- Your goal -
Transcribe the listing verbatim, please, with images dropped.

[[ Supplied material open ]]

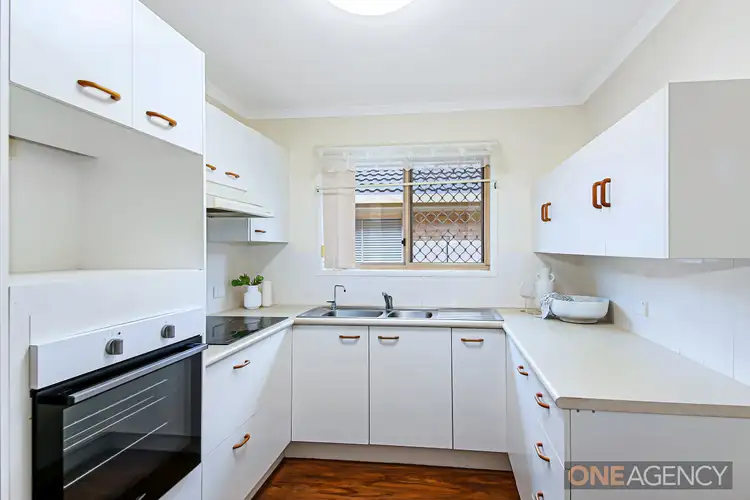 Fourth view of Homely villa listing, 33/1 Peregrine Drive, Wurtulla QLD 4575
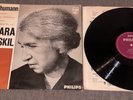 1950s BOLD PHILIPS A 00372 L ed1 PLUM Clara Haskil: Schumann piano recital.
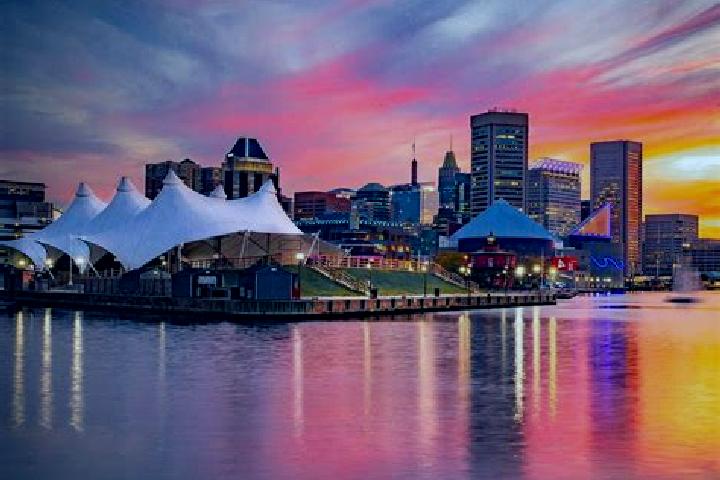 Lily, 33 — Escort in South Baltimore, United States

[[ Supplied material closed ]]

- Your response -
 Fourth view of Homely villa listing, 33/1 Peregrine Drive, Wurtulla QLD 4575
 1950s BOLD PHILIPS A 00372 L ed1 PLUM Clara Haskil: Schumann piano recital.
 Lily, 33 — Escort in South Baltimore, United States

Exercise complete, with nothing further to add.